_PROBLEM_
Using the records below, quote only the span that opens with the line containing "Kit 5 Camisetas" and closes with the line containing "Neca Bioshock 2", exactly and inclusively.

::: PROVIDED DATA :::

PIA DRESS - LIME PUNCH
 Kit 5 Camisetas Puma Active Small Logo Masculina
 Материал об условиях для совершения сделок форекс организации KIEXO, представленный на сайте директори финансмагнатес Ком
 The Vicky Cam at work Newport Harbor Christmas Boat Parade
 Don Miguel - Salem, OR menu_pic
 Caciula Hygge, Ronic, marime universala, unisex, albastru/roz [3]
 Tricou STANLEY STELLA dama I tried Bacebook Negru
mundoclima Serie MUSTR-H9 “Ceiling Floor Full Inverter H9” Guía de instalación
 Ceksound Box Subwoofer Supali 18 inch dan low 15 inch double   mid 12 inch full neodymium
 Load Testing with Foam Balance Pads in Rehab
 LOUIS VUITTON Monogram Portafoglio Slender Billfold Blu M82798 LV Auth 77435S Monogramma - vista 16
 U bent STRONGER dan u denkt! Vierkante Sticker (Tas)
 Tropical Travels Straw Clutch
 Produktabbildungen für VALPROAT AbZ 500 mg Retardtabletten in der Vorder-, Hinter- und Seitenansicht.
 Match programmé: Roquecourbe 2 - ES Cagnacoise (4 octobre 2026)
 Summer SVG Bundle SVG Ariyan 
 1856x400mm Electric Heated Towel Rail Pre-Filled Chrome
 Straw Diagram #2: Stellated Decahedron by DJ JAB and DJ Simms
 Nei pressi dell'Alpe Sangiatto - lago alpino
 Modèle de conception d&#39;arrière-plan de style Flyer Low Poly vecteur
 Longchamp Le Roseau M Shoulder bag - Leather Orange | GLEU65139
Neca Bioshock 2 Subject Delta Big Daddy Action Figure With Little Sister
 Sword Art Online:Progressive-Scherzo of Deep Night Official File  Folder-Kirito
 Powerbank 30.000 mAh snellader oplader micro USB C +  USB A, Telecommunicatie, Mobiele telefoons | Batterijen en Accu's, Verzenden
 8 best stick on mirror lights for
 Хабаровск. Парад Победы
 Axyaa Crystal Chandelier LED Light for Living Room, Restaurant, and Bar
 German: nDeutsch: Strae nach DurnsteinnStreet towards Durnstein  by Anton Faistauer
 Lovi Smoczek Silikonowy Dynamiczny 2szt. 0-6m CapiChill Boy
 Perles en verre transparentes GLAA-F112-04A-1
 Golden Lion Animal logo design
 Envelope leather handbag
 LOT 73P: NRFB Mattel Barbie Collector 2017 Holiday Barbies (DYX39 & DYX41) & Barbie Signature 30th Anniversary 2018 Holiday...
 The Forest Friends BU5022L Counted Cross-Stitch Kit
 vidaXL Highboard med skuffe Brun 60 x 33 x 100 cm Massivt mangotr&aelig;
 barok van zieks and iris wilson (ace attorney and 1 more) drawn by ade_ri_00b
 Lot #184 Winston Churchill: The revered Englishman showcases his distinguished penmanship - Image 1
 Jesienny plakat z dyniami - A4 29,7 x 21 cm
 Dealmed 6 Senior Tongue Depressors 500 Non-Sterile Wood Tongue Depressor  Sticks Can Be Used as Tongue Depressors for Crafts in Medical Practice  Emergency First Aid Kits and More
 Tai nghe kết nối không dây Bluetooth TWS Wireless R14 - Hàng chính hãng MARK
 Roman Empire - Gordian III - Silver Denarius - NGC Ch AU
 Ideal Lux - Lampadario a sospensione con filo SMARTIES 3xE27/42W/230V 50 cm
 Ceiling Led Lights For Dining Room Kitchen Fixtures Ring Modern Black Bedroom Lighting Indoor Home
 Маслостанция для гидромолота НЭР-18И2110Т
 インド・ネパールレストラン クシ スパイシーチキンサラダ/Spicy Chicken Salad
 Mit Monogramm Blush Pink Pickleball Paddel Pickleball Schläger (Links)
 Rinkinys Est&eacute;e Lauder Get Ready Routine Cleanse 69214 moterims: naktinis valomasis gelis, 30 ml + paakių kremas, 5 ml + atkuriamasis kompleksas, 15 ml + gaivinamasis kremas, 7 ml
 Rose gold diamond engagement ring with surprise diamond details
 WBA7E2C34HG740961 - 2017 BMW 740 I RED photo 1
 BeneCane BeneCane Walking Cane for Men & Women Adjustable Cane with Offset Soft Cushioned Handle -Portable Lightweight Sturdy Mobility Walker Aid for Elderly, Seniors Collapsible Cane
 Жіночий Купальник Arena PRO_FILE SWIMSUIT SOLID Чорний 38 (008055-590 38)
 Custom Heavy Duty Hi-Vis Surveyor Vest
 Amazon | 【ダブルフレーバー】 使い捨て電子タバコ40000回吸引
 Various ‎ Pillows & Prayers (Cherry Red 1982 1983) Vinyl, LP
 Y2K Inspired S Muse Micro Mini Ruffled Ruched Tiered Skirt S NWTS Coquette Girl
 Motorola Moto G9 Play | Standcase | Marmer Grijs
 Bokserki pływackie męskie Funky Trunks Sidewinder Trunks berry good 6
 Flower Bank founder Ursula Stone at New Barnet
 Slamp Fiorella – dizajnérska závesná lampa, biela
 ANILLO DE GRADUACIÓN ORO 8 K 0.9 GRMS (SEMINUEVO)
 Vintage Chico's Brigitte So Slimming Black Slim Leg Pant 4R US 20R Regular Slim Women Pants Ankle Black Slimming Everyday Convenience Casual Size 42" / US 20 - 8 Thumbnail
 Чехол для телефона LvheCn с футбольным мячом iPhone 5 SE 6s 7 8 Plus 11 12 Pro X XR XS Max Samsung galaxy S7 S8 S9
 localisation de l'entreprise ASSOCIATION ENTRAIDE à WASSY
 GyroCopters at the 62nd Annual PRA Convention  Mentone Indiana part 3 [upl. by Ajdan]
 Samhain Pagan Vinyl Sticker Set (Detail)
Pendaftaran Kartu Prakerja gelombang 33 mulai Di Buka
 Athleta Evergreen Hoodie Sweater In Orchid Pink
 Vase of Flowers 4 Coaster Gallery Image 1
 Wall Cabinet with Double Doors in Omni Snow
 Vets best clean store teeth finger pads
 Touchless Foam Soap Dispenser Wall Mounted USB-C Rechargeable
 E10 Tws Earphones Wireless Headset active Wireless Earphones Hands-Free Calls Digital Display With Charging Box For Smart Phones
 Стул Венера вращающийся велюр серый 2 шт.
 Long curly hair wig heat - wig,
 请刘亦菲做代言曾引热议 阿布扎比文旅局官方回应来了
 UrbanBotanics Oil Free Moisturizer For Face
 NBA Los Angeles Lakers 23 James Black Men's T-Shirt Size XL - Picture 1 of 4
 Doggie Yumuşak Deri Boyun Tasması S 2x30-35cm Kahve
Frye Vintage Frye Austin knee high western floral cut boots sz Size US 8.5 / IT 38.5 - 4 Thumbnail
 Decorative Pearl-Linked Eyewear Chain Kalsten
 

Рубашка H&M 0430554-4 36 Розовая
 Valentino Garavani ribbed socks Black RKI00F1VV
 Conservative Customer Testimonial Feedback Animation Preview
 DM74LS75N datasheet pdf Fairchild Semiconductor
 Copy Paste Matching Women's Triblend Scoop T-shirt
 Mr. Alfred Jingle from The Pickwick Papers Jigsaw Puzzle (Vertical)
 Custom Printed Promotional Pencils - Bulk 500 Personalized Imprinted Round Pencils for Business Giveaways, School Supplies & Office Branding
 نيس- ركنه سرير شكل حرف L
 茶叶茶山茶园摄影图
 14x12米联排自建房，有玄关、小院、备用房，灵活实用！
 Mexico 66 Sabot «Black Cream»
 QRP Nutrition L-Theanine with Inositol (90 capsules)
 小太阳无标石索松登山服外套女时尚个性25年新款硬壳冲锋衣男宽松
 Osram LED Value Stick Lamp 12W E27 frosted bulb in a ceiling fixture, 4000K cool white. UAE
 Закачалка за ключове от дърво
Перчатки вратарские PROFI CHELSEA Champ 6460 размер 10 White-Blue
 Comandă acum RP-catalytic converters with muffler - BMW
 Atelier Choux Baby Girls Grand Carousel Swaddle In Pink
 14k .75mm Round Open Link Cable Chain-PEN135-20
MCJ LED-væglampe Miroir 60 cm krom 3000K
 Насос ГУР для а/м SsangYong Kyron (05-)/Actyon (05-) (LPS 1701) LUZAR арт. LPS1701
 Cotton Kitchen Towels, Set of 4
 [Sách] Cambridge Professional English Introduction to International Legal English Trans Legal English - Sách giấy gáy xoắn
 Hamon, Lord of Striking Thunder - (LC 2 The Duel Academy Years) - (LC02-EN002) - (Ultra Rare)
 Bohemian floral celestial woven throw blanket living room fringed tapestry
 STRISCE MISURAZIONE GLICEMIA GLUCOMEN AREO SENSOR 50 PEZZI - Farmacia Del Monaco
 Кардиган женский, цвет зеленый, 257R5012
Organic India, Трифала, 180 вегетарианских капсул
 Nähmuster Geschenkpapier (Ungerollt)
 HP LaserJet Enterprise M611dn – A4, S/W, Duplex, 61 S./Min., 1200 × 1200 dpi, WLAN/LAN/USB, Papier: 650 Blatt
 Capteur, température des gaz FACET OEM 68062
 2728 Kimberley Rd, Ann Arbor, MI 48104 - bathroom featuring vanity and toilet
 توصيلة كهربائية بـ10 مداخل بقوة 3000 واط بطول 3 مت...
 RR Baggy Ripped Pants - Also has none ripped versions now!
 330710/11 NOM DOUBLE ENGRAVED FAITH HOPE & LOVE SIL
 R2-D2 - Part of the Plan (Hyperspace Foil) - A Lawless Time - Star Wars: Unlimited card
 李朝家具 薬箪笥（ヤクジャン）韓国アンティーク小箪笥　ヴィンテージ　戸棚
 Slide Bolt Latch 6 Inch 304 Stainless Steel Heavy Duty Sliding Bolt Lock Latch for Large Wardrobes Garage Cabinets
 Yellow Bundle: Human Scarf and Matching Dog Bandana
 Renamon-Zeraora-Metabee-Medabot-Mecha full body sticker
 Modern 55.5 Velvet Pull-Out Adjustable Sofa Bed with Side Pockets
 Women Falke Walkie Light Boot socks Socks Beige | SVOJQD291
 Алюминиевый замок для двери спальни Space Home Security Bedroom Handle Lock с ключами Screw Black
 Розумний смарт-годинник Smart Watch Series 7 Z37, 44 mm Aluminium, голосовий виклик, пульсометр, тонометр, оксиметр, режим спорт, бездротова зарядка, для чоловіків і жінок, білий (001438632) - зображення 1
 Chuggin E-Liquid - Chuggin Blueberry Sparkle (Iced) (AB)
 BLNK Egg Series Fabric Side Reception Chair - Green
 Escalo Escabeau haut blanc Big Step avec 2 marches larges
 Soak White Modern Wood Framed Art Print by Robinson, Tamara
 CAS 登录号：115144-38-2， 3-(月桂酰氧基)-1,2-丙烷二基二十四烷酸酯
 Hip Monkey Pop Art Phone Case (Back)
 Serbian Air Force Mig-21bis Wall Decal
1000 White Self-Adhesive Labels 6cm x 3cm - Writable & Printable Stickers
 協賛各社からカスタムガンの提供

:::

_SOLUTION TO THE EXERCISE_
 Kit 5 Camisetas Puma Active Small Logo Masculina
 Материал об условиях для совершения сделок форекс организации KIEXO, представленный на сайте директори финансмагнатес Ком
 The Vicky Cam at work Newport Harbor Christmas Boat Parade
 Don Miguel - Salem, OR menu_pic
 Caciula Hygge, Ronic, marime universala, unisex, albastru/roz [3]
 Tricou STANLEY STELLA dama I tried Bacebook Negru
mundoclima Serie MUSTR-H9 “Ceiling Floor Full Inverter H9” Guía de instalación
 Ceksound Box Subwoofer Supali 18 inch dan low 15 inch double   mid 12 inch full neodymium
 Load Testing with Foam Balance Pads in Rehab
 LOUIS VUITTON Monogram Portafoglio Slender Billfold Blu M82798 LV Auth 77435S Monogramma - vista 16
 U bent STRONGER dan u denkt! Vierkante Sticker (Tas)
 Tropical Travels Straw Clutch
 Produktabbildungen für VALPROAT AbZ 500 mg Retardtabletten in der Vorder-, Hinter- und Seitenansicht.
 Match programmé: Roquecourbe 2 - ES Cagnacoise (4 octobre 2026)
 Summer SVG Bundle SVG Ariyan 
 1856x400mm Electric Heated Towel Rail Pre-Filled Chrome
 Straw Diagram #2: Stellated Decahedron by DJ JAB and DJ Simms
 Nei pressi dell'Alpe Sangiatto - lago alpino
 Modèle de conception d&#39;arrière-plan de style Flyer Low Poly vecteur
 Longchamp Le Roseau M Shoulder bag - Leather Orange | GLEU65139
Neca Bioshock 2 Subject Delta Big Daddy Action Figure With Little Sister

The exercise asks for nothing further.